Model wrapper for DLRM (#3128)

SSYernar · facebook-github-bot · commit aee9ab58444b · 2025-07-03T10:15:15.000-07:00
Summary: Pull Request resolved: #3128 * Added model wrapper for DLRM. The wrapper will take ModelInput as an only parameter in the forward method. The forward method will return just the prediction if it's in inference mode and losses with prediction if it's in training mode. (Because training pipeline expects loss and prediction. See https://github.com/pytorch/torchrec/blob/main/torchrec/distributed/train_pipeline/train_pipelines.py#L670) * Added the parameterized unit tests to cover the model's wrapper Reviewed By: aliafzal Differential Revision: D77167717
diff --git a/torchrec/models/dlrm.py b/torchrec/models/dlrm.py
@@ -7,11 +7,12 @@
 
 # pyre-strict
 
-from typing import Dict, List, Optional, Tuple
+from typing import Dict, List, Optional, Tuple, Union
 
 import torch
 from torch import nn
 from torchrec.datasets.utils import Batch
+from torchrec.distributed.test_utils.test_input import ModelInput
 from torchrec.modules.crossnet import LowRankCrossNet
 from torchrec.modules.embedding_modules import EmbeddingBagCollection
 from torchrec.modules.mlp import MLP
@@ -899,3 +900,34 @@ def forward(
         loss = self.loss_fn(logits, batch.labels.float())
 
         return loss, (loss.detach(), logits.detach(), batch.labels.detach())
+
+
+class DLRMWrapper(DLRM):
+    # pyre-ignore[14, 15]
+    def forward(
+        self, model_input: ModelInput
+    ) -> Union[torch.Tensor, Tuple[torch.Tensor, torch.Tensor]]:
+        """
+        Forward pass for the DLRMWrapper.
+
+        Args:
+            model_input (ModelInput): Contains dense and sparse features.
+
+        Returns:
+            Union[torch.Tensor, Tuple[torch.Tensor, torch.Tensor]]:
+            If training, returns (loss, prediction). Otherwise, returns prediction.
+        """
+        pred = super().forward(
+            dense_features=model_input.float_features,
+            sparse_features=model_input.idlist_features,  # pyre-ignore[6]
+        )
+
+        if self.training:
+            # Calculate loss and return both loss and prediction
+            loss = torch.nn.functional.binary_cross_entropy_with_logits(
+                pred.squeeze(), model_input.label
+            )
+            return (loss, pred)
+        else:
+            # Return just the prediction
+            return pred
diff --git a/torchrec/models/tests/test_dlrm.py b/torchrec/models/tests/test_dlrm.py
@@ -8,11 +8,15 @@
 # pyre-strict
 
 import unittest
+from dataclasses import dataclass
+from typing import List
 
 import torch
+from parameterized import parameterized
 from torch import nn
 from torch.testing import FileCheck  # @manual
 from torchrec.datasets.utils import Batch
+from torchrec.distributed.test_utils.test_input import ModelInput
 from torchrec.fx import symbolic_trace
 from torchrec.ir.serializer import JsonSerializer
 from torchrec.ir.utils import decapsulate_ir_modules, encapsulate_ir_modules
@@ -23,6 +27,7 @@
     DLRM_DCN,
     DLRM_Projection,
     DLRMTrain,
+    DLRMWrapper,
     InteractionArch,
     InteractionDCNArch,
     InteractionProjectionArch,
@@ -1283,3 +1288,107 @@ def test_export_serialization(self) -> None:
         deserialized_logits = deserialized_model(features, sparse_features)
 
         self.assertEqual(deserialized_logits.size(), (B, 1))
+
+
+class DLRMWrapperTest(unittest.TestCase):
+    @dataclass
+    class WrapperTestParams:
+        # input parameters
+        embedding_configs: List[EmbeddingBagConfig]

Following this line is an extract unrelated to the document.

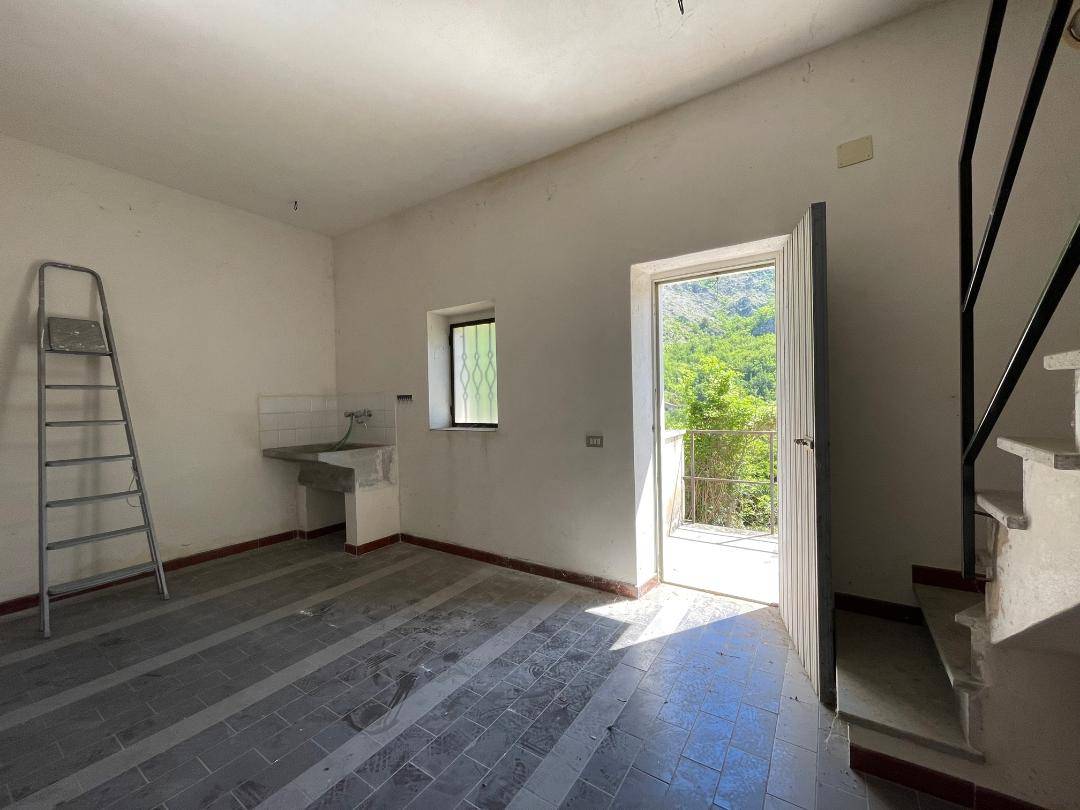 Casa Cielo Terra in vendita a Ofena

+        sparse_feature_keys: List[str]
+        sparse_feature_values: List[int]
+        sparse_feature_offsets: List[int]
+        # expected output parameters
+        expected_output_size: tuple[int, ...]
+
+    @parameterized.expand(
+        [
+            (
+                "basic_with_multiple_features",
+                WrapperTestParams(
+                    embedding_configs=[
+                        EmbeddingBagConfig(
+                            name="t1",
+                            embedding_dim=8,
+                            num_embeddings=100,
+                            feature_names=["f1", "f3"],
+                        ),
+                        EmbeddingBagConfig(
+                            name="t2",
+                            embedding_dim=8,
+                            num_embeddings=100,
+                            feature_names=["f2"],
+                        ),
+                    ],
+                    sparse_feature_keys=["f1", "f3", "f2"],
+                    sparse_feature_values=[1, 2, 4, 5, 4, 3, 2, 9, 1, 2, 3],
+                    sparse_feature_offsets=[0, 2, 4, 6, 8, 10, 11],
+                    expected_output_size=(2, 1),
+                ),
+            ),
+            (
+                "empty_sparse_features",
+                WrapperTestParams(
+                    embedding_configs=[
+                        EmbeddingBagConfig(
+                            name="t1",
+                            embedding_dim=8,
+                            num_embeddings=100,
+                            feature_names=["f1"],
+                        ),
+                    ],
+                    sparse_feature_keys=["f1"],
+                    sparse_feature_values=[],
+                    sparse_feature_offsets=[0, 0, 0],
+                    expected_output_size=(2, 1),
+                ),
+            ),
+        ]
+    )
+    def test_wrapper_functionality(
+        self, _test_name: str, test_params: WrapperTestParams
+    ) -> None:
+        B = 2
+        D = 8
+        dense_in_features = 100
+
+        ebc = EmbeddingBagCollection(tables=test_params.embedding_configs)
+
+        dlrm_wrapper = DLRMWrapper(
+            embedding_bag_collection=ebc,
+            dense_in_features=dense_in_features,
+            dense_arch_layer_sizes=[20, D],
+            over_arch_layer_sizes=[5, 1],
+        )
+
+        # Create ModelInput
+        dense_features = torch.rand((B, dense_in_features))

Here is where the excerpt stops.